Porque todos – do lado miguelista ou do lado liberal – todos tinham duas armas principais, o roubo e o assassinato, mas de preferência este, sempre que podia ser este, e quanto mais assassínios de cada vez, tanto melhor.
Por outro lado, todos os bandos eram fortemente politizados, nos primeiros anos; cada um deles estava certo de salvar o País, um País que ainda era o mundo, até à perda do Brasil que, embora perdido, não deixara ainda de ser o mercado principal, o destino eleito do comércio de escravos da Guiné, de Angola, do Congo, origem de tantas grossas fortunas que começavam a tornar-se inconfessáveis porque aos Ingleses, a super-potência mundial de então, metera-se-lhes na cabeça acabar com tal negócio.
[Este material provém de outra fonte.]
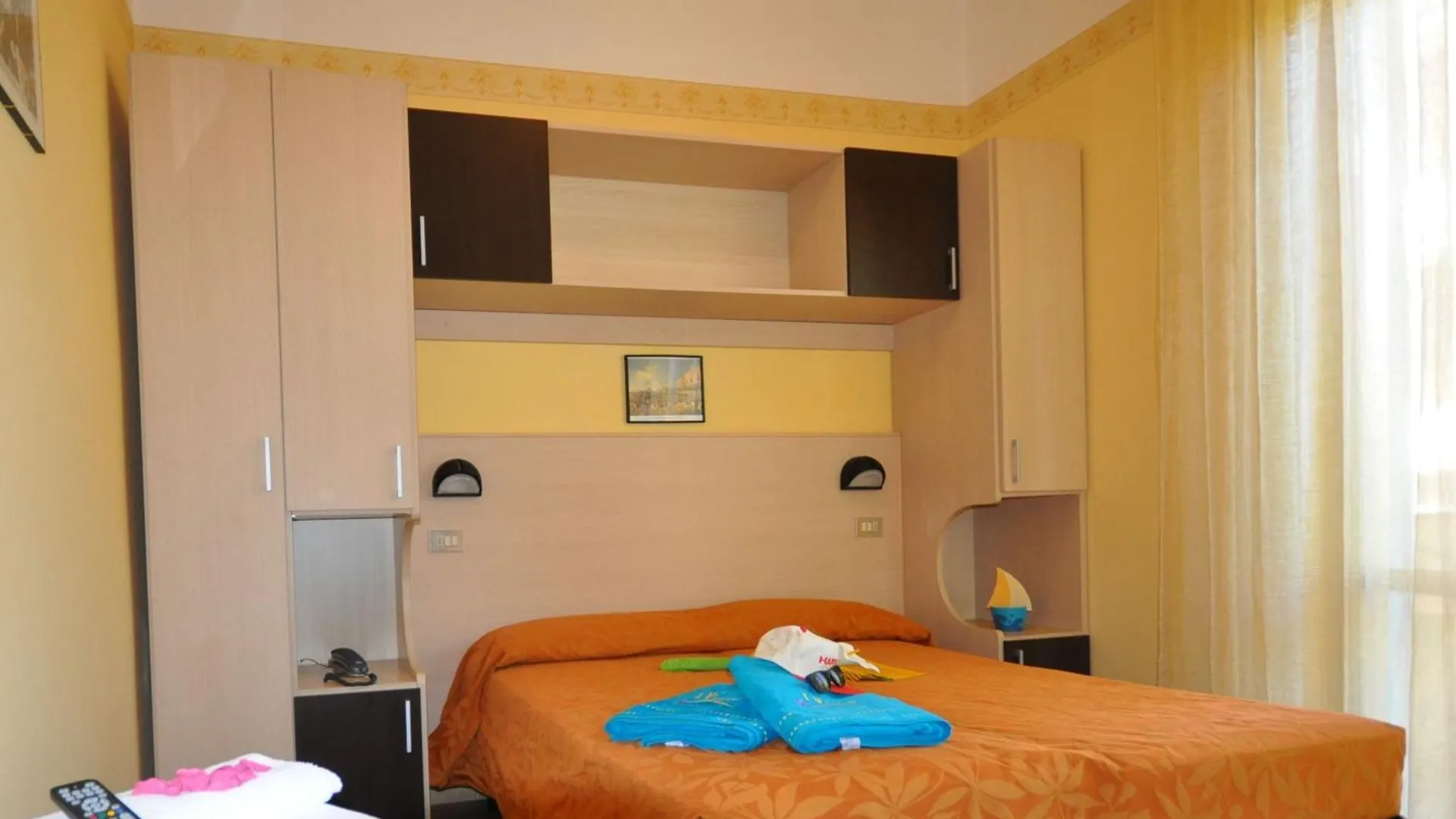Hotel Festival ريميني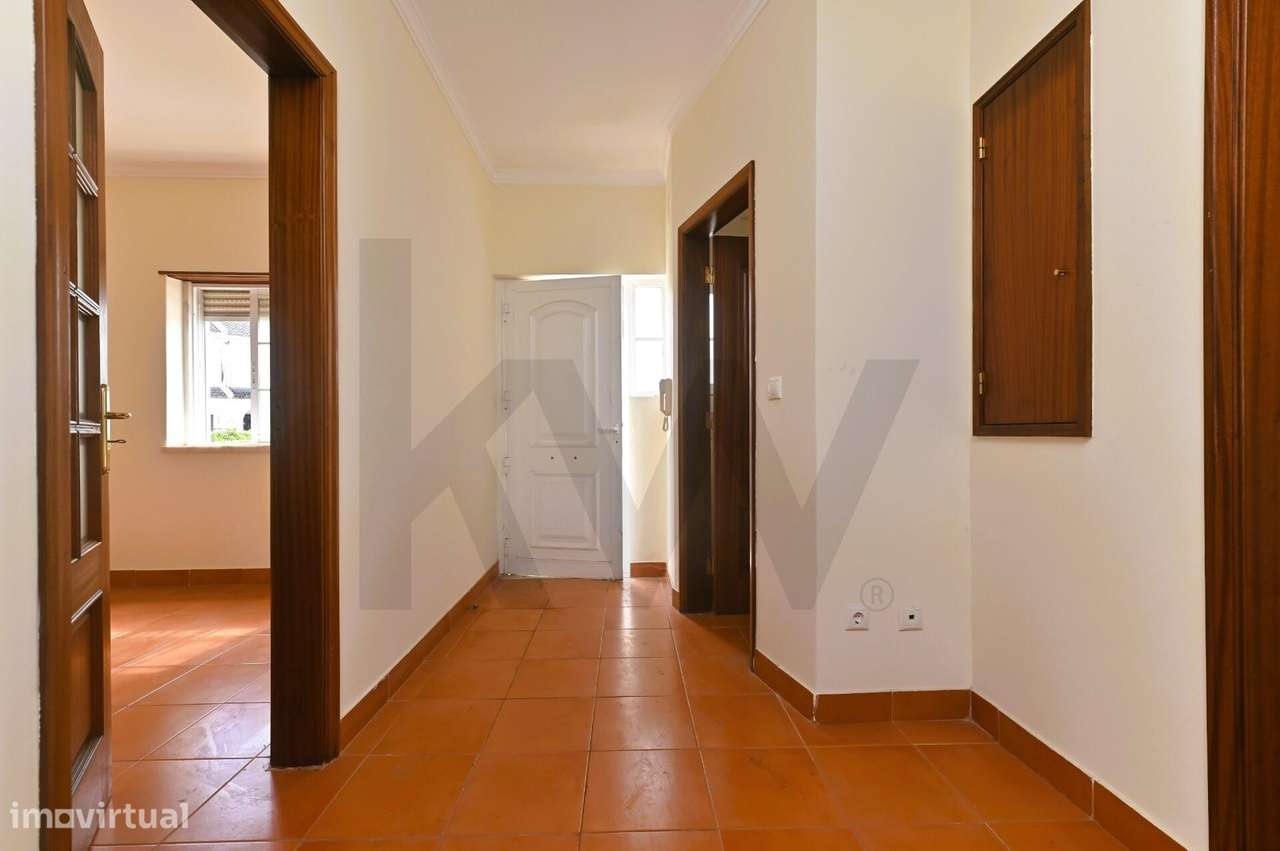 CASCAIS COLÉGIO AMOR DE DEUS – MORADIA T4 + T1 INDEPENDENTES-6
Entre outras razões, julgando estrangular as suas antigas colónias da América do Norte, tornadas independentes?
Se o tivessem conseguido, que formidável erro histórico teria sido, sem haver depois quem lhes salvasse a pele e o pêlo em 1914-1918 e em 1939-1945 e em 1951-1991!...
Mas Angola, a Guiné e o Congo é que não se salvaram do desastre que para eles e seus sobas locais foi a supressão do comércio de escravos…
Levou ela os Estados europeus a partir a África em enormes herdades donde tiveram a inspiração de lhes sacarem todas as outras riquezas possíveis, que compensavam o perdido negócio de escravos.
E depois?
Não estaremos a anteciparmo-nos desnecessariamente e até menos a propósito do que mandam as boas regras e práticas literárias?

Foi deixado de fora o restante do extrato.